Puttu with Kadala Curry Recipe | Classic Combo 4

Puttu/Kuzha Puttu… Hot and steaming with delicious layers of rice flour and fresh coconut is a well-known breakfast delicacy of Kerala cuisine. Literature such as “thiruvilayadal puram” of the 16th century, has mentions of this dish thus suggesting that it may have originated in Tamil Nadu. Whatever may be the origin this zero oil dish is a well-celebrated dish by the health freaks. Accompanied by “Kadala curry” a spicy gravy made with black channa this classic combo is an excellent wholesome meal.
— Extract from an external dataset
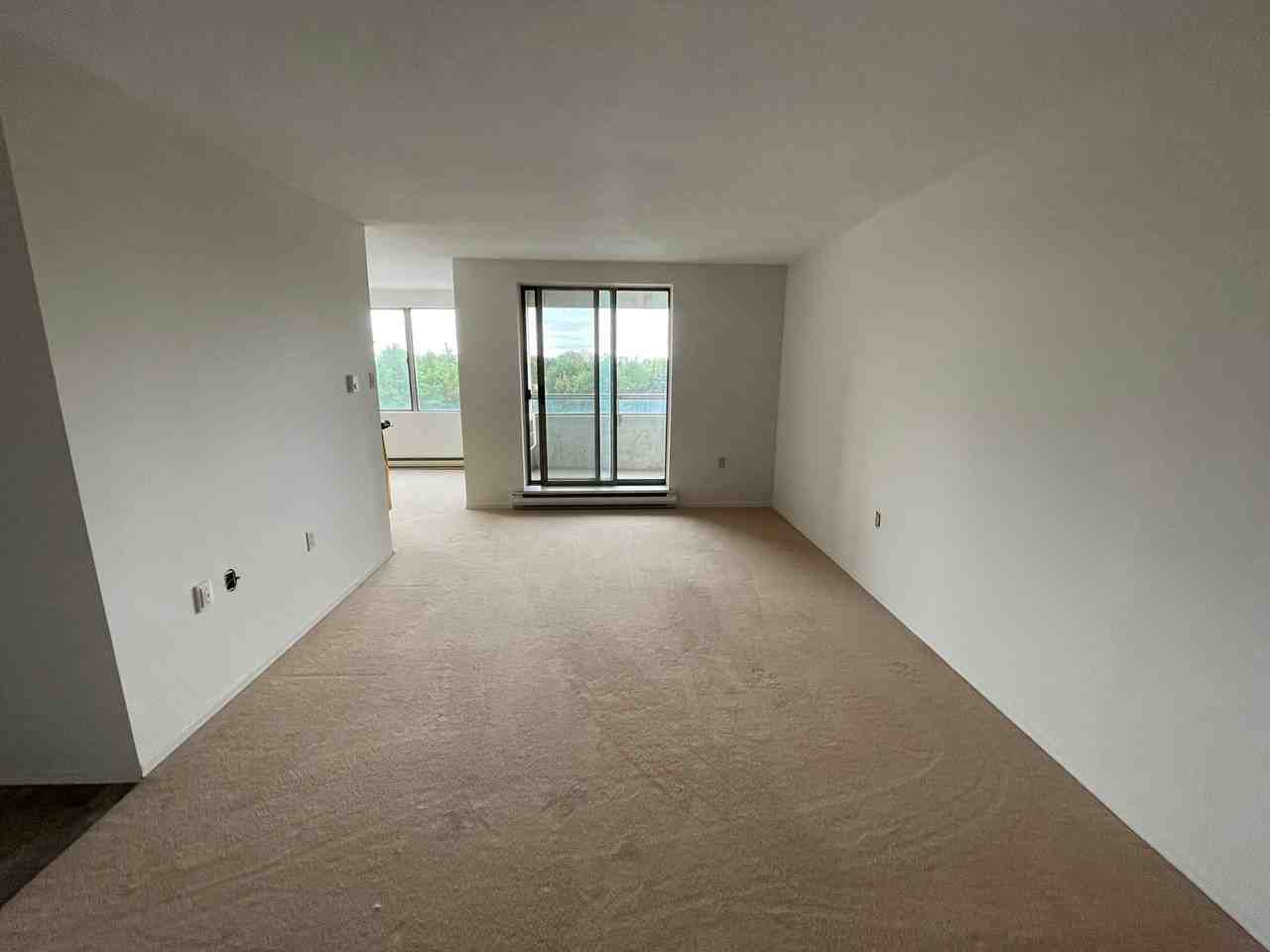 Highview Glen - Photo 7 of 20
Ingredients for Puttu Recipe:

  • Processed puttu ragi flour store-bought 1 cup
  • Coconut grated 1 cup
  • Salt 1/4tsp
  • Water as required

Preparation Method:

  • Heat water till warm
  • Add salt to the flour.
  • Sprinkle water and mix the flour well till it’s crumbly.
  • Fill the puttu mould, alternating layers of Ragi flour with coconut.
  • Steam and serve hot

Ingredients for Kadala curry:

  • Black channa 1 cup soaked overnight and pressure cooked till soft
  • Tomato puree 2 cups
  • Coconut oil 3 tbsps
  • Mustard seeds 1 tsp
  • Finely chopped onion 1 medium
  • Sambhar onions/shallots 10
  • Curry leaves few
  • Green chilly slit 4
  • Ginger 1 inch piece finely chopped
  • Coriander leaves handful

For masala paste

  • Grated coconut 1/2 cup
  • Fennel seeds/saunf 1 tsp
  • Cloves 6
  • Cinnamon 1 inch piece
  • Peppercorn 10
  • Mace a few strands
  • Turmeric powder 1 tsp
  • Chilly powder 2 tsps
  • Coriander powder 2 tsps
  • Nutmeg powder 1/4tsp

Masala Paste preparation:

  • Grated coconut 1/2 cup dry roasted till brown
  • Add 1 cup of water and grind to a smooth paste.

 

Preparation Method:

  • Take a heavy-bottomed pan.
  • Add oil and splutter mustard.
  • Add the curry leaves and green chillies.
  • Saute and add the onions slices and shallots.
  • Saute well till light brown.
  • Add the tomato puree and pour in a cup of water.
  • Allow the mixture to boil for 5 minutes till it reduces to a thick paste.
  • Add the masala paste and cook well till the raw flavour disappears.’
  • Add the cooked black channa.
  • Sprinkle the required salt.
  • Bring to a boil.
  • Adjust the gravy to a thick consistency.